● **Exercise prompt**:
Nothing outside the range is to be copied. From the entries below, reproduce exactly the lines starting at the one with "Marni Kids Marabou" and ending at the one with "Golden Sunset Surfer met Neon Glow Dartbord", without pictures.

● **Records shown**:
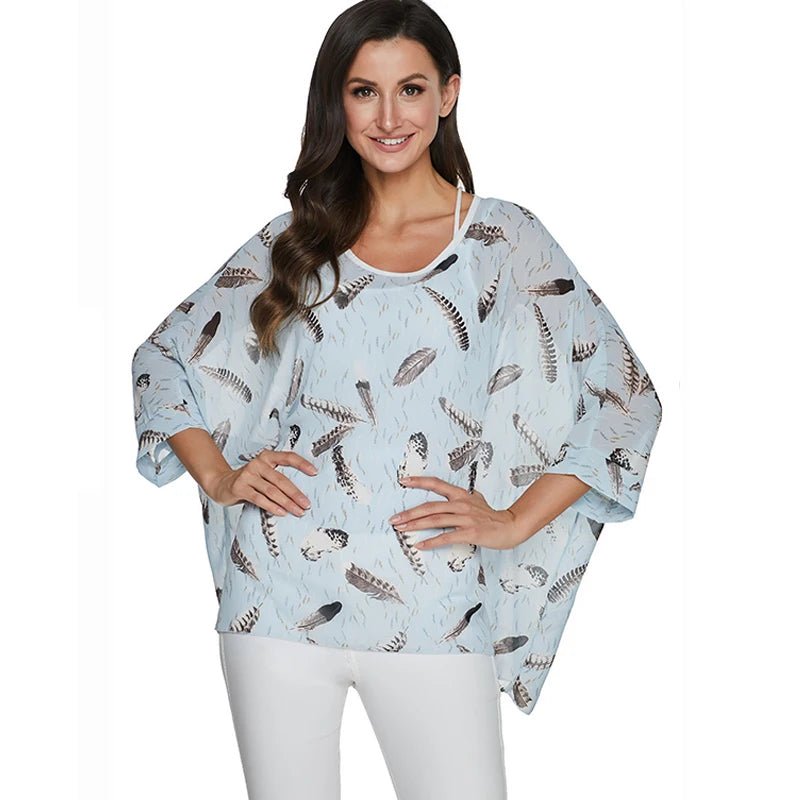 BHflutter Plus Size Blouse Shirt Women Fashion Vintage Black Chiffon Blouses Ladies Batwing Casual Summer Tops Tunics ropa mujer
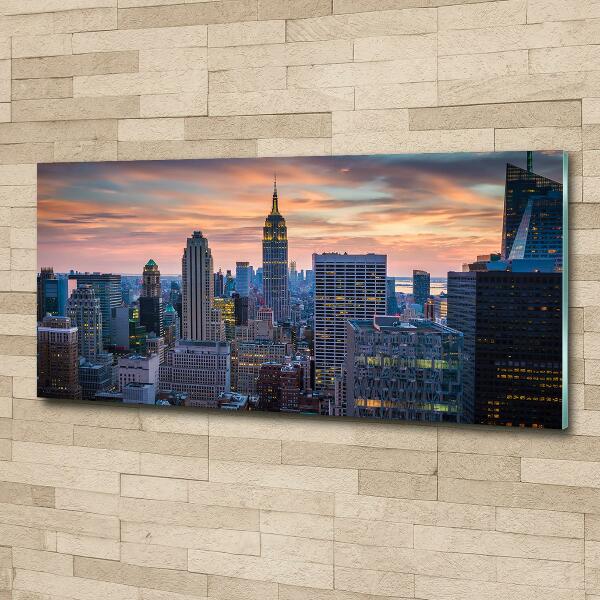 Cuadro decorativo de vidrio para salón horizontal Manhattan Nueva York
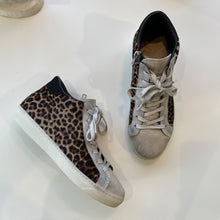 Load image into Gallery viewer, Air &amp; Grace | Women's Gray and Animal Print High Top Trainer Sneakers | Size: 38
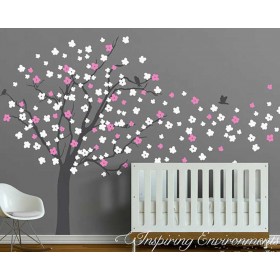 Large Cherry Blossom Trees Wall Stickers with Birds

--

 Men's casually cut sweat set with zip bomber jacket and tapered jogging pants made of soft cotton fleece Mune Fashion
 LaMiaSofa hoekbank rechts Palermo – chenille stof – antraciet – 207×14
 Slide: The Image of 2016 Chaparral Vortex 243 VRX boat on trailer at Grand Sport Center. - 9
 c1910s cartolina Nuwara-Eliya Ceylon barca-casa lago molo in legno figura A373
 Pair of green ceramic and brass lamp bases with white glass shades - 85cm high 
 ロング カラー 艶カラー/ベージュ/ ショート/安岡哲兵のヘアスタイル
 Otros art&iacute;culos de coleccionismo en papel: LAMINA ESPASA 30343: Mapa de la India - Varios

--

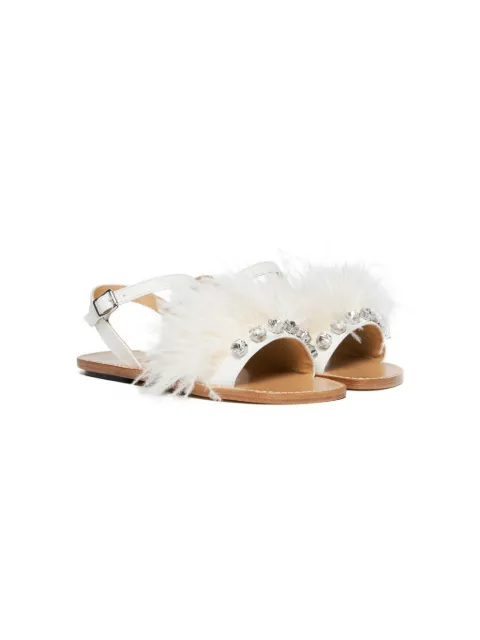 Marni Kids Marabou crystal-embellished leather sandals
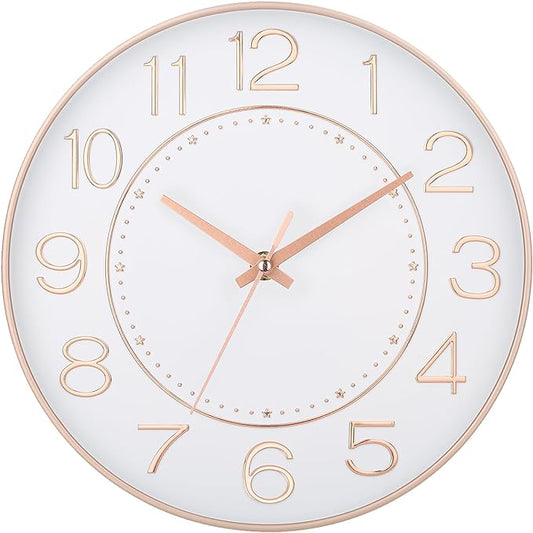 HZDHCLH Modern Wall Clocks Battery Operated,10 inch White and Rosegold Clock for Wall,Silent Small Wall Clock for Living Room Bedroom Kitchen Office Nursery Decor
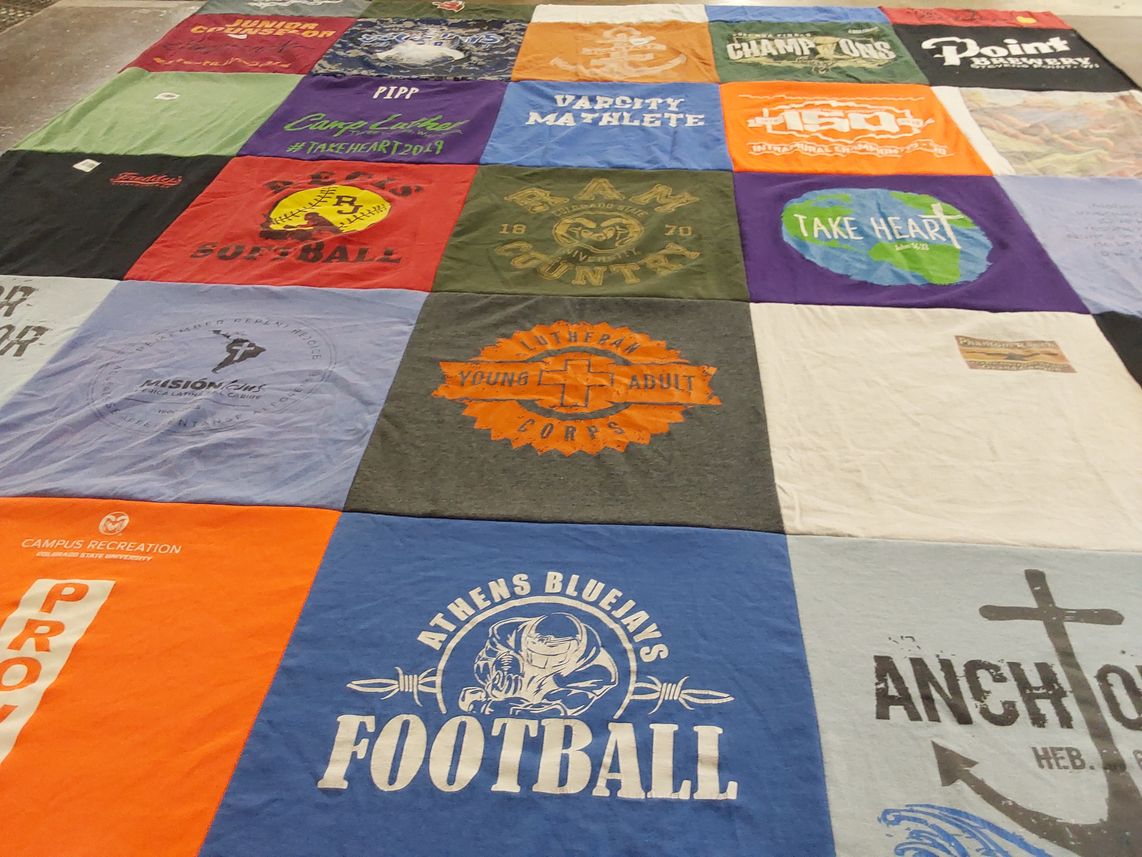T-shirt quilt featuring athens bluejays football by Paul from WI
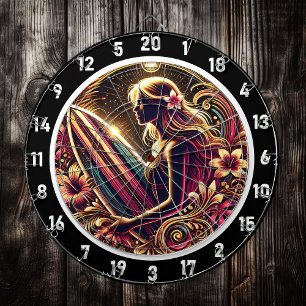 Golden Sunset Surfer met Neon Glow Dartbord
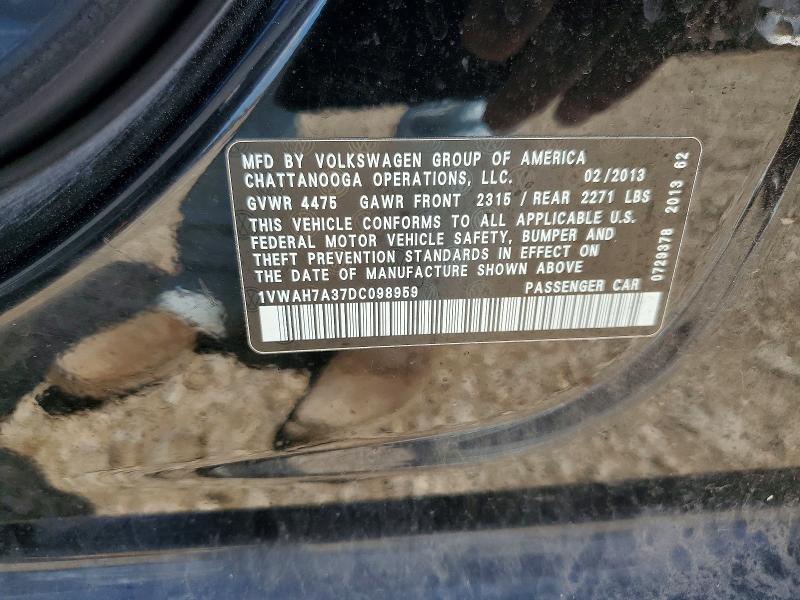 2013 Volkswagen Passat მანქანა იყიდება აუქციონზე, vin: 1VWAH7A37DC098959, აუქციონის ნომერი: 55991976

● **Problem solution**:
 Marni Kids Marabou crystal-embellished leather sandals
 HZDHCLH Modern Wall Clocks Battery Operated,10 inch White and Rosegold Clock for Wall,Silent Small Wall Clock for Living Room Bedroom Kitchen Office Nursery Decor
T-shirt quilt featuring athens bluejays football by Paul from WI
 Golden Sunset Surfer met Neon Glow Dartbord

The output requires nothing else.